Also, when using only 1 thread with hurl --test --repeat 100 --jobs 1 vuejs.hurl it also works fine, I cannot make it fail. So, indeed it seems to be something with the parallel mode.

jcamiel commented 3 days ago

Your Docker host is a Windows machine I'm correct? I will try to reproduce the bug from a Windows machine (with Docker etc). You're reproducing it quite easily while I can't make it, it maybe make a difference? (It doesn't explain why it happens on skybear.net though)

lambrospetrou commented 3 days ago

Your Docker host is a Windows machine I'm correct? I will try to reproduce the bug from a Windows machine (with Docker etc). You're reproducing it quite easily while I can't make it, it maybe make a difference? (It doesn't explain why it happens on skybear.net though)

Locally, I am using WSL2 (Ubuntu 24.04.1 LTS) in Windows 11, and using Docker Desktop on the Windows side.

For Skybear.NET, I use Fly.io and my container is based off ubuntu:noble.

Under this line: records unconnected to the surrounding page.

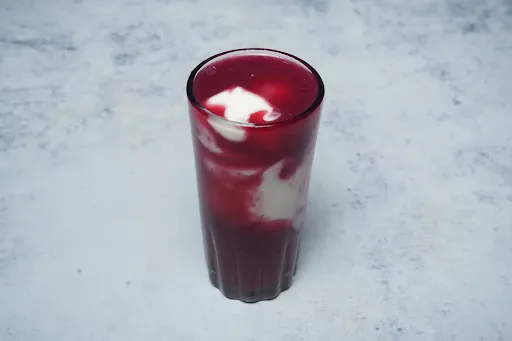 Grape Lassi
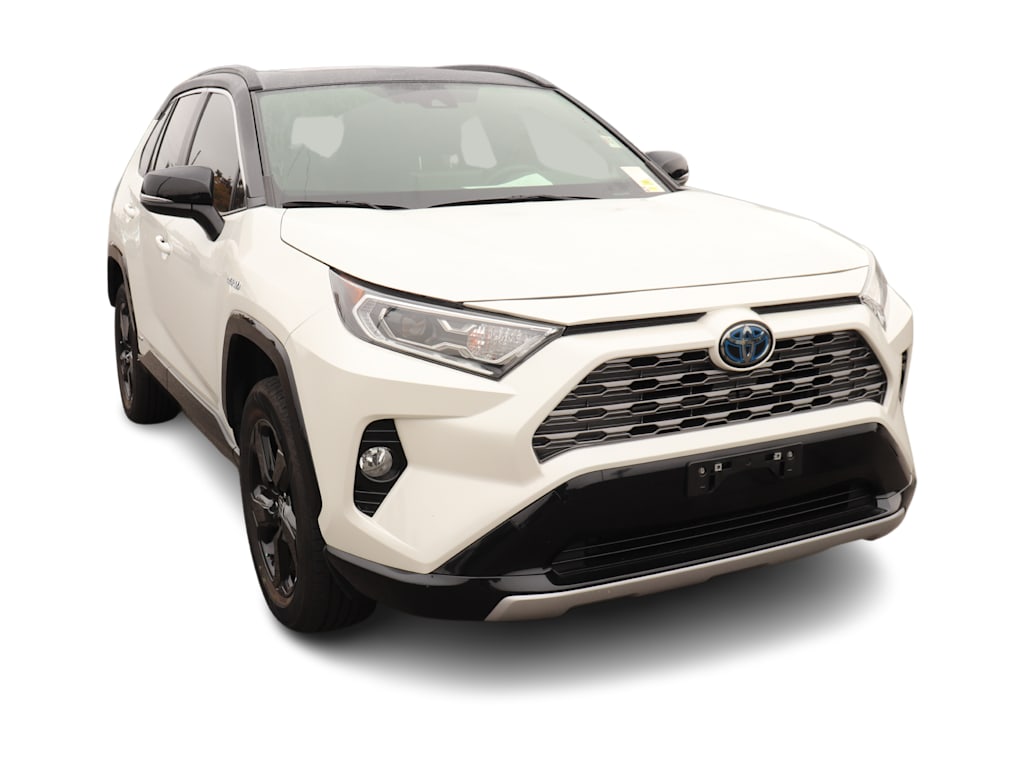 Thumbnail: 2020 Toyota RAV4 - 9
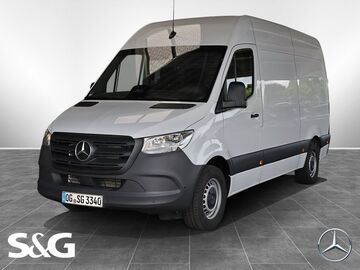 Gebrauchte Mercedes-Benz Sprinter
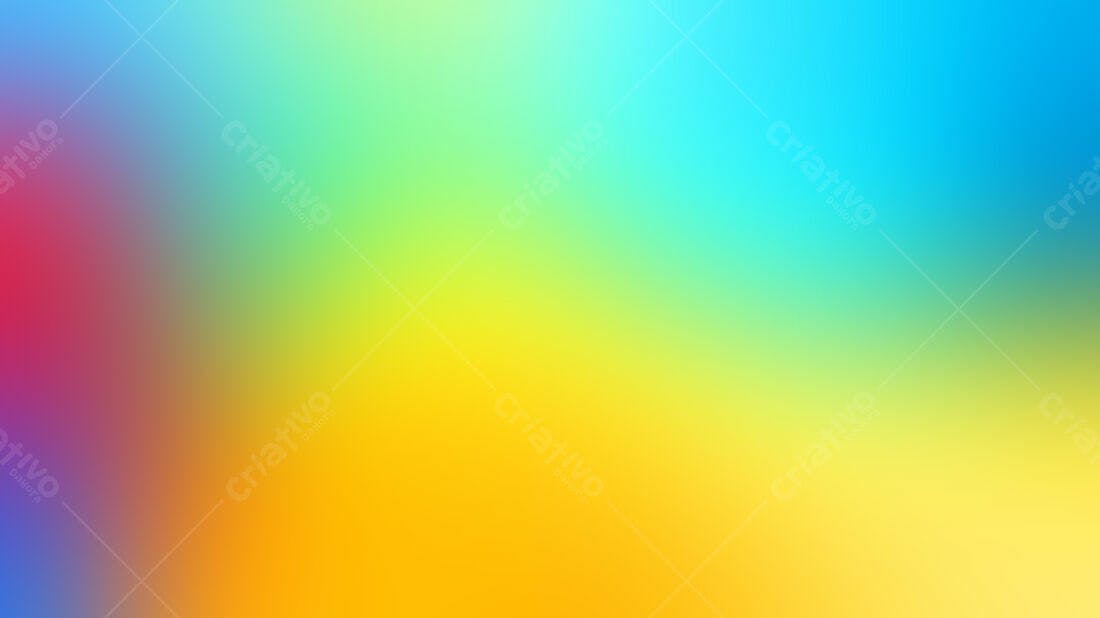 Textura Gradiente Arco-íris para Fundo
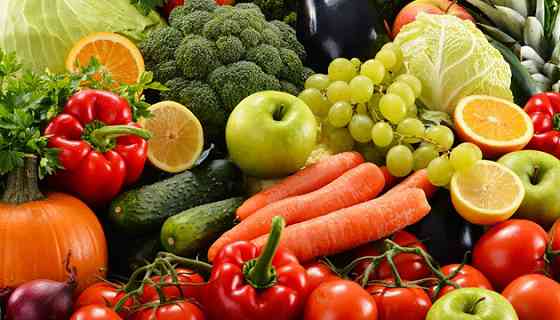 Оптова торгівля фруктами й овочами Kyiv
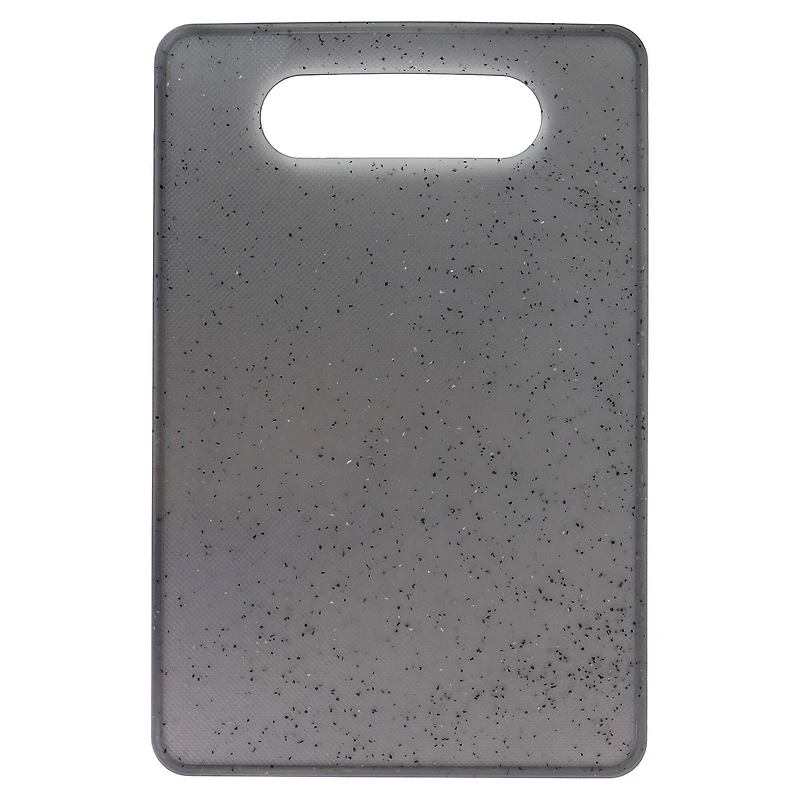 Gibson Home® Edge Craft Nonstick Stainless Steel Cutlery Set with Cutting Board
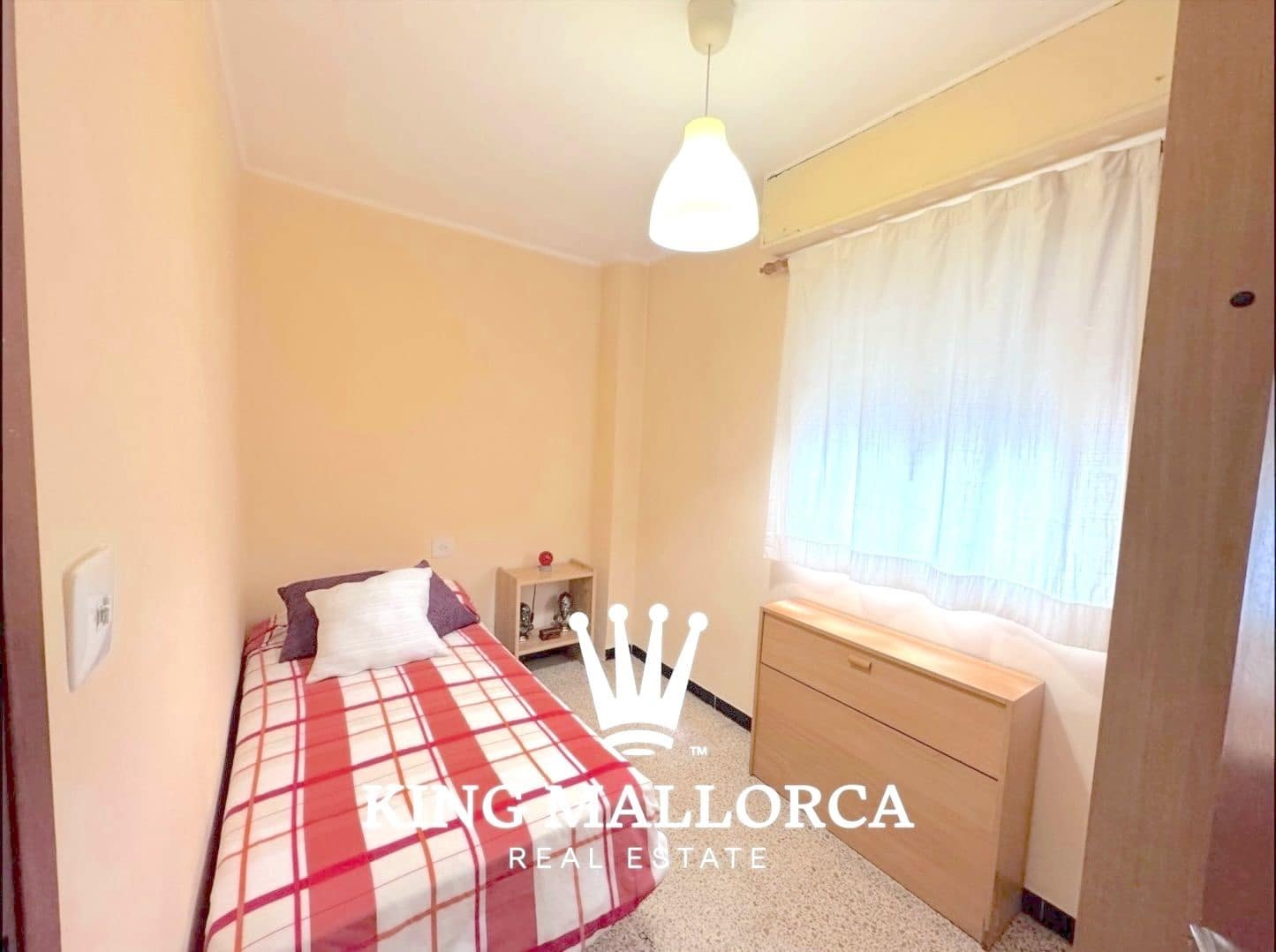 4 soveværelse Lejlighed til salg i Palma de Mallorca - € 477.000 (Ref: 9685995)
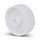 Polyamidrad 80 mm - Gleitlager 12 mm - 150 kg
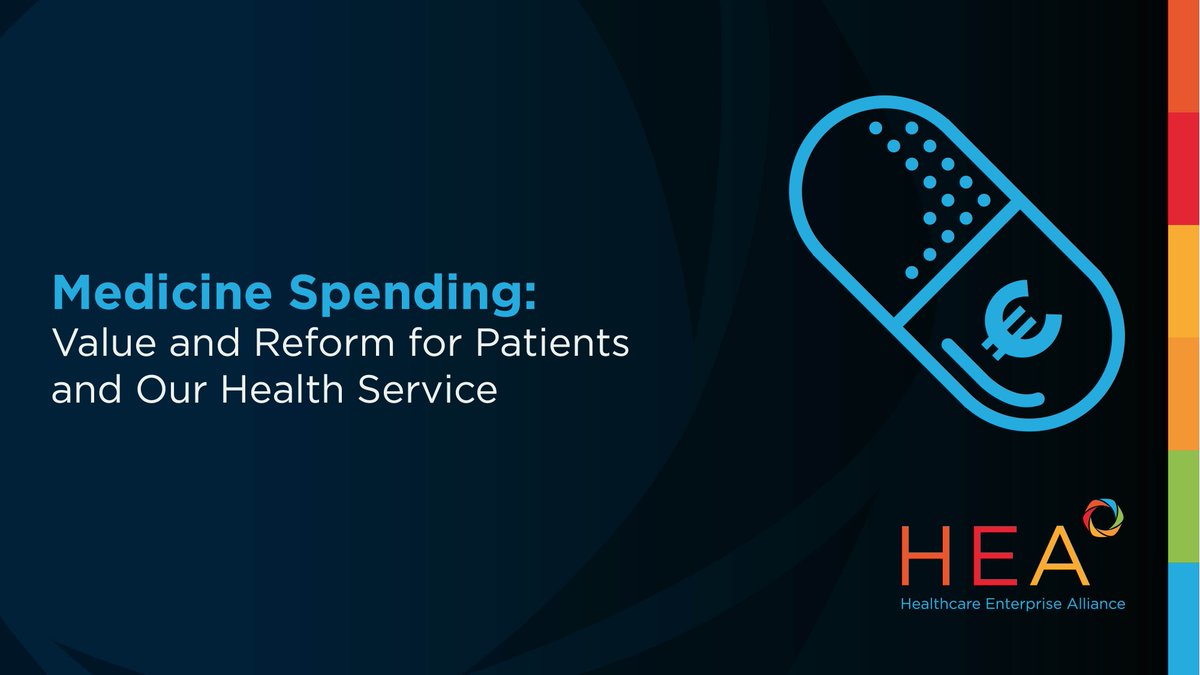 The prescriber and #health policy must work together for access to innovative drugs in #Ireland <a href="/SimonHarrisTD/">Simon Harris TD</a> #bettermedicinesireland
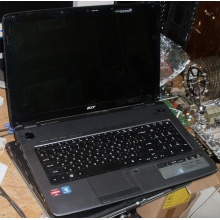 Ноутбук Acer Aspire 7540G-504G50Mi (AMD Turion II X2 M500 (2x2.2Ghz) /no RAM! /no HDD! /17.3" TFT 1600x900) - Подольск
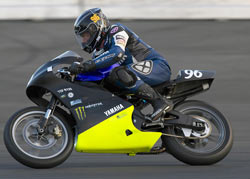 Jeff Brown Yamaha YFZR 150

fabricereix commented 2 days ago

I have added an integ test that combines --test and --repeat https://github.com/Orange-OpenSource/hurl/pull/3305 The bug is still not reproduced :-(

jcamiel commented 2 days ago

I haven't managed to reproduce it, but I think there's something I would make a little cleaner in the graceful shutdown of threads workers. I don't know if it will fix this issue or not but it will be a cleaner and it's worth trying (plus it can fix the valgring issue that tickles me). As soon as I've time to do it !

lambrospetrou commented 1 day ago

For the record, I have retries on Skybear.NET now, so that when it happens again it just retries the script execution, so it's not urgent at the moment. It would be nice though to see what in the parallelism could cause race conditions on memory. I might take a stub in reading some Rust later in the week 😏